* Exercise requirements: Write out the data in full, exactly as shown.

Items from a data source
=== Begin Enclosure ===
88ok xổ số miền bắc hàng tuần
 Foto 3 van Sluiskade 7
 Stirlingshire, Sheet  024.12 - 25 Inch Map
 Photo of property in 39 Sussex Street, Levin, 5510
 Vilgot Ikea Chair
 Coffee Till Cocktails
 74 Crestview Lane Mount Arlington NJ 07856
=== End Enclosure ===
* Answer to the problem:
88ok xổ số miền bắc hàng tuần
 Foto 3 van Sluiskade 7
 Stirlingshire, Sheet  024.12 - 25 Inch Map
 Photo of property in 39 Sussex Street, Levin, 5510
 Vilgot Ikea Chair
 Coffee Till Cocktails
 74 Crestview Lane Mount Arlington NJ 07856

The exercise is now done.